INSTRUCTIONS TO FOLLOW:
Stop after the line containing "Blood Testing": print each line exactly from the first line of the listing up to that point.

SUPPLIED DATA:
++++

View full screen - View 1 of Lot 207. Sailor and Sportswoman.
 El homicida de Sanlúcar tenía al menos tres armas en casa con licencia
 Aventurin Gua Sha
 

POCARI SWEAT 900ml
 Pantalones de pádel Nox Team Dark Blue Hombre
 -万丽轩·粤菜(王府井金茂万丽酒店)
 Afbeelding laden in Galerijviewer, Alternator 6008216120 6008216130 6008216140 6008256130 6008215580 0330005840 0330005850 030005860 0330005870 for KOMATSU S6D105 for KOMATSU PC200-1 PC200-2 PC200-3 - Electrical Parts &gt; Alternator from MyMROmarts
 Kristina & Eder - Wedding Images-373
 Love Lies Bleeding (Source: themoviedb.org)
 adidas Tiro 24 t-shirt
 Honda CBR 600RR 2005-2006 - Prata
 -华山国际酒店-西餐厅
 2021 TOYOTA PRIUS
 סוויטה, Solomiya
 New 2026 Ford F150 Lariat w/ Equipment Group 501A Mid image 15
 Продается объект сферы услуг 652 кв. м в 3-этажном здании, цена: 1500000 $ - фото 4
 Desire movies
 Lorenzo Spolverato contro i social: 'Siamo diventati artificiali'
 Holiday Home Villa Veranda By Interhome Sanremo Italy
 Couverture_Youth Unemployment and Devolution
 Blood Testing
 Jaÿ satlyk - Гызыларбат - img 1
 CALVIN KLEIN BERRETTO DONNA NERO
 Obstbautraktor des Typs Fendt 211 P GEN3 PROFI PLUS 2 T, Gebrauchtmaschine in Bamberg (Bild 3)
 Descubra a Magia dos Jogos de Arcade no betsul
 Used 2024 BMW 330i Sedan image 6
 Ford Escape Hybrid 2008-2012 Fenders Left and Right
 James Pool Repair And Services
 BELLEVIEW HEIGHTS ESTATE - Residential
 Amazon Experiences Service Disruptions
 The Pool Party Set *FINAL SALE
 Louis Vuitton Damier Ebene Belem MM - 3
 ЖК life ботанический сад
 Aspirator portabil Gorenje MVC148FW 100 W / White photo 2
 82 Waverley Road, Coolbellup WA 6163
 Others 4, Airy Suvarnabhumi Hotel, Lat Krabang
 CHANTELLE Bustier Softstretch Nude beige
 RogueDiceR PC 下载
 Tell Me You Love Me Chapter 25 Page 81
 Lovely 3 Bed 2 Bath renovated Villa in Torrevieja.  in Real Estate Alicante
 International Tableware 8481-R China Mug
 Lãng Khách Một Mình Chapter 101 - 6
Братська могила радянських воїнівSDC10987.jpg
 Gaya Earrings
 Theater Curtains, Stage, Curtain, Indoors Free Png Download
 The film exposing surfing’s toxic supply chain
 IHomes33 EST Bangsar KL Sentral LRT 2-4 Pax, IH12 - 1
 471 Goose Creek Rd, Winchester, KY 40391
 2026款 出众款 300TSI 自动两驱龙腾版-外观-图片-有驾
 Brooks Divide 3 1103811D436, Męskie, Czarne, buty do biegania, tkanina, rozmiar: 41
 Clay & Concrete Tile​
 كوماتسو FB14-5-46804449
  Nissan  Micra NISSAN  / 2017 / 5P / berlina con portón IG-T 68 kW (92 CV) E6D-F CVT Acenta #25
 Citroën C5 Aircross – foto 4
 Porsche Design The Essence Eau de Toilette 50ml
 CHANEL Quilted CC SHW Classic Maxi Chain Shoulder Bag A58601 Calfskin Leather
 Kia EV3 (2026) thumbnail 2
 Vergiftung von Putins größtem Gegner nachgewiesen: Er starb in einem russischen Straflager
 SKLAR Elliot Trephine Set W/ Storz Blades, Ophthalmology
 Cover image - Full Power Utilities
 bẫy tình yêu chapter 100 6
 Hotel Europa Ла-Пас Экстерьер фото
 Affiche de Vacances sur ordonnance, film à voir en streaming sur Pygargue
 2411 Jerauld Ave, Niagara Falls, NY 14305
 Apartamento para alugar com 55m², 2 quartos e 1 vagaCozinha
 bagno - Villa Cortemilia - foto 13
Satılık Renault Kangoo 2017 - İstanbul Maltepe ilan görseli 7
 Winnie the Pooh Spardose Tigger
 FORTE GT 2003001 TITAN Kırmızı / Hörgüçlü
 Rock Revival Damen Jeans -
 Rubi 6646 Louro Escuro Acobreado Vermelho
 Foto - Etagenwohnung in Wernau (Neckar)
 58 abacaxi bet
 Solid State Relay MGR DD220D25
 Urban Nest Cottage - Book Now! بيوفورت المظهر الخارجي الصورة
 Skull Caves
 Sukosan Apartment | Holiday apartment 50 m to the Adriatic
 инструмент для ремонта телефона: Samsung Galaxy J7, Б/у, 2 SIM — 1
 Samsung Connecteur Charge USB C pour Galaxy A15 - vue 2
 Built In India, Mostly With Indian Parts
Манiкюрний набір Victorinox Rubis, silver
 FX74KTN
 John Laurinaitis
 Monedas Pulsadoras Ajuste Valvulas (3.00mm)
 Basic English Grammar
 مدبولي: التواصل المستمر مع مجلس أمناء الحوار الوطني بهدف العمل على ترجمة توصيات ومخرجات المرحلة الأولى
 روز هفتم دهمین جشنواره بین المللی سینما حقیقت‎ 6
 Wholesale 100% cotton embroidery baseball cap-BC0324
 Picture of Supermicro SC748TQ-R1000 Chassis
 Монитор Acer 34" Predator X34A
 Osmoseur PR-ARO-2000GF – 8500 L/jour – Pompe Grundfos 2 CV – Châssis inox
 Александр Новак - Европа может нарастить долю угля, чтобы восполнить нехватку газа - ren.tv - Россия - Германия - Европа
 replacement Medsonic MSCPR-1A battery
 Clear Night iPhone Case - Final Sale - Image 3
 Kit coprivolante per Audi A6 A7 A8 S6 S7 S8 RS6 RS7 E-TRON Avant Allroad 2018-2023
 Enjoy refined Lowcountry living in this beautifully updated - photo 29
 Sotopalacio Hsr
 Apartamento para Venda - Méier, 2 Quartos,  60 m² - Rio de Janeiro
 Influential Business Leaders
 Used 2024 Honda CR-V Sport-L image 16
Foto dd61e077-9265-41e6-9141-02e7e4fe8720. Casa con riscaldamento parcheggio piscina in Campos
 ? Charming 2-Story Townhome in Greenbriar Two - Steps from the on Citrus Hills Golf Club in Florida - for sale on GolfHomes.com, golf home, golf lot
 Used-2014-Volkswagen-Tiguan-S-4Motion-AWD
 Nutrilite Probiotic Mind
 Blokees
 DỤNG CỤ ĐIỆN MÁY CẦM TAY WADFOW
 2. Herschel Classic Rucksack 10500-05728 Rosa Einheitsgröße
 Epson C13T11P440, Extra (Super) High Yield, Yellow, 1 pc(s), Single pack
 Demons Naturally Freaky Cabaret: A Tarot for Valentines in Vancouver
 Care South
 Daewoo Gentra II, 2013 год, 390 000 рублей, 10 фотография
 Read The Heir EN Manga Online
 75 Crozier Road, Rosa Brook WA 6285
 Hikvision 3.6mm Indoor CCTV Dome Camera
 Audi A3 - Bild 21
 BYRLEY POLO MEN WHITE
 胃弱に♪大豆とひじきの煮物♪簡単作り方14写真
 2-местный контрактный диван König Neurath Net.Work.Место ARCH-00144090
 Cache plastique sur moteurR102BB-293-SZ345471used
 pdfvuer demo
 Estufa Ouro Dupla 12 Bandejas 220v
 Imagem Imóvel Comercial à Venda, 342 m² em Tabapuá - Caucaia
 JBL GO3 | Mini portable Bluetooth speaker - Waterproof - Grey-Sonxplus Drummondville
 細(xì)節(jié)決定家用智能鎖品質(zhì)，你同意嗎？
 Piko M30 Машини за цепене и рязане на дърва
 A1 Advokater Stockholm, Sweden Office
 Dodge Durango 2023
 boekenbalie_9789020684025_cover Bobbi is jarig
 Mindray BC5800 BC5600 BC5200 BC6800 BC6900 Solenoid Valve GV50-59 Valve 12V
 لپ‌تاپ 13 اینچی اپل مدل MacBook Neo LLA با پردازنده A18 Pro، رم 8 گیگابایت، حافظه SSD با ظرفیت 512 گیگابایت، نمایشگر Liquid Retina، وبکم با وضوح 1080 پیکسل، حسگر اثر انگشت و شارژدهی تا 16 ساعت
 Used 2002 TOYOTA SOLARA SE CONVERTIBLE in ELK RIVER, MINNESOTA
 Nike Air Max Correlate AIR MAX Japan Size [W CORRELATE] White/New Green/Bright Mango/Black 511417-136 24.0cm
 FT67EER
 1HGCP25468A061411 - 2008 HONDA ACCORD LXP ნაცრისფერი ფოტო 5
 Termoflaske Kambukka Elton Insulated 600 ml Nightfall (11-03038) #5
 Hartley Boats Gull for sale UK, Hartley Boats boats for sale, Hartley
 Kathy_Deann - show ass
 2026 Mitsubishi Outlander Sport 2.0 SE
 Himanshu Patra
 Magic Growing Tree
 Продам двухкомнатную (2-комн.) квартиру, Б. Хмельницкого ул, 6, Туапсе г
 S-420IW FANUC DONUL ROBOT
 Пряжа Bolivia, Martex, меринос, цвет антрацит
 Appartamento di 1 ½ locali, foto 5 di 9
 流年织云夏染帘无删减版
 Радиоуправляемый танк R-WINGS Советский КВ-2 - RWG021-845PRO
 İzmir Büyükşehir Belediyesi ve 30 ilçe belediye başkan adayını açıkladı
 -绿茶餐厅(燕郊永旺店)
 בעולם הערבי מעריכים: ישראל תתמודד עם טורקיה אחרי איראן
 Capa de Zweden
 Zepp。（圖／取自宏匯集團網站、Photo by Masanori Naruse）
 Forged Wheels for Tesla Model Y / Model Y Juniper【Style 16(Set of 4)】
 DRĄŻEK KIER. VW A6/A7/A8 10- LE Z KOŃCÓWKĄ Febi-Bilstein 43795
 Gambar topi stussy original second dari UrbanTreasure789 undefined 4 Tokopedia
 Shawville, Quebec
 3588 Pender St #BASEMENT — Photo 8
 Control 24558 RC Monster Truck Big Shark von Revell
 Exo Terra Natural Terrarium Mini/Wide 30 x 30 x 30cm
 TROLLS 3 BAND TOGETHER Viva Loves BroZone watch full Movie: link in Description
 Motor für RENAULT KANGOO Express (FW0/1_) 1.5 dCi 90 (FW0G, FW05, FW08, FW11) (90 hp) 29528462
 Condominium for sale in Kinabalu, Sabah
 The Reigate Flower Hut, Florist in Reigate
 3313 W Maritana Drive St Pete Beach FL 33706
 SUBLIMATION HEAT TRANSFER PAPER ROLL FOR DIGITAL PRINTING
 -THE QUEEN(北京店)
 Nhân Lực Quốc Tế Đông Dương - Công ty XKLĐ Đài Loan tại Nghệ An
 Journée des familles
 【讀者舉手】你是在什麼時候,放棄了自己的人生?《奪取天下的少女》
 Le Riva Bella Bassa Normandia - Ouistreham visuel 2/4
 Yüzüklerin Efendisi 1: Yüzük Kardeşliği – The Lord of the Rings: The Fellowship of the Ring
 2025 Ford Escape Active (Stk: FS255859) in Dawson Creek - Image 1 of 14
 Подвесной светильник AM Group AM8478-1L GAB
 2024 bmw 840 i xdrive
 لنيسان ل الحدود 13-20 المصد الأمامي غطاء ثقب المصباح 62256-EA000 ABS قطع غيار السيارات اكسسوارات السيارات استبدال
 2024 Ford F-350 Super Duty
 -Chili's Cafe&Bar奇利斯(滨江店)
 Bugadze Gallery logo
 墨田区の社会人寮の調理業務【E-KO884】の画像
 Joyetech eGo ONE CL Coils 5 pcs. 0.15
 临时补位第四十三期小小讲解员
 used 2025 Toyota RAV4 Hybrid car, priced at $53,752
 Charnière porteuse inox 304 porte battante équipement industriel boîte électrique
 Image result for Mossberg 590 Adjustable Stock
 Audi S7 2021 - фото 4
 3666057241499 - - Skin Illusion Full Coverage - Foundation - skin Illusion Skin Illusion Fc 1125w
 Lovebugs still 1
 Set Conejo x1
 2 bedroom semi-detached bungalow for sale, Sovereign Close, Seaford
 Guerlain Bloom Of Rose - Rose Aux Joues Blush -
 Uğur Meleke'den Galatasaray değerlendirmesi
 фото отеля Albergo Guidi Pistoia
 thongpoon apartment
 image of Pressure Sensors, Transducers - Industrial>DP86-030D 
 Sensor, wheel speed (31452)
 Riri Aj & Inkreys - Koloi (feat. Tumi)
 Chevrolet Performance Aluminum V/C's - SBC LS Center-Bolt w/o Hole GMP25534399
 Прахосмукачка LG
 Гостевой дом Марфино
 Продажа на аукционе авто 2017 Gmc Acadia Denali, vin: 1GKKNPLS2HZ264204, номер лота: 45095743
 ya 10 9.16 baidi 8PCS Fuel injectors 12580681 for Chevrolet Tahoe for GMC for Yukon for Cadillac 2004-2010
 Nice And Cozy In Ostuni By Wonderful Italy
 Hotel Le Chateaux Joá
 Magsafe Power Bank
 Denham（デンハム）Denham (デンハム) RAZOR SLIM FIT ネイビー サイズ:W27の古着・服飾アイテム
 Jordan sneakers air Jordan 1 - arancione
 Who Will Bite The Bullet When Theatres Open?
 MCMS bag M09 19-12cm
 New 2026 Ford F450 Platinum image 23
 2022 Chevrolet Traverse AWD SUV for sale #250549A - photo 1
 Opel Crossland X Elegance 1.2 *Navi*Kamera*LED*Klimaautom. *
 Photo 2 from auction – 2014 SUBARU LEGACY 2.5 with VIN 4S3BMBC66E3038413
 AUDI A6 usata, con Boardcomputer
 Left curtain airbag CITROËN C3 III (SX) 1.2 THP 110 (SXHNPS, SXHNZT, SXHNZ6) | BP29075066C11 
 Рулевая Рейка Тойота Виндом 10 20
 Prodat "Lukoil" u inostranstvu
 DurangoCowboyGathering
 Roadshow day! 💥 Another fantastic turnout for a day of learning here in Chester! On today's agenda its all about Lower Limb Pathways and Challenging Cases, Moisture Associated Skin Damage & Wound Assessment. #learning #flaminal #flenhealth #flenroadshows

++++

SOLUTION BELOW:
View full screen - View 1 of Lot 207. Sailor and Sportswoman.
 El homicida de Sanlúcar tenía al menos tres armas en casa con licencia
 Aventurin Gua Sha
 

POCARI SWEAT 900ml
 Pantalones de pádel Nox Team Dark Blue Hombre
 -万丽轩·粤菜(王府井金茂万丽酒店)
 Afbeelding laden in Galerijviewer, Alternator 6008216120 6008216130 6008216140 6008256130 6008215580 0330005840 0330005850 030005860 0330005870 for KOMATSU S6D105 for KOMATSU PC200-1 PC200-2 PC200-3 - Electrical Parts &gt; Alternator from MyMROmarts
 Kristina & Eder - Wedding Images-373
 Love Lies Bleeding (Source: themoviedb.org)
 adidas Tiro 24 t-shirt
 Honda CBR 600RR 2005-2006 - Prata
 -华山国际酒店-西餐厅
 2021 TOYOTA PRIUS
 סוויטה, Solomiya
 New 2026 Ford F150 Lariat w/ Equipment Group 501A Mid image 15
 Продается объект сферы услуг 652 кв. м в 3-этажном здании, цена: 1500000 $ - фото 4
 Desire movies
 Lorenzo Spolverato contro i social: 'Siamo diventati artificiali'
 Holiday Home Villa Veranda By Interhome Sanremo Italy
 Couverture_Youth Unemployment and Devolution
 Blood Testing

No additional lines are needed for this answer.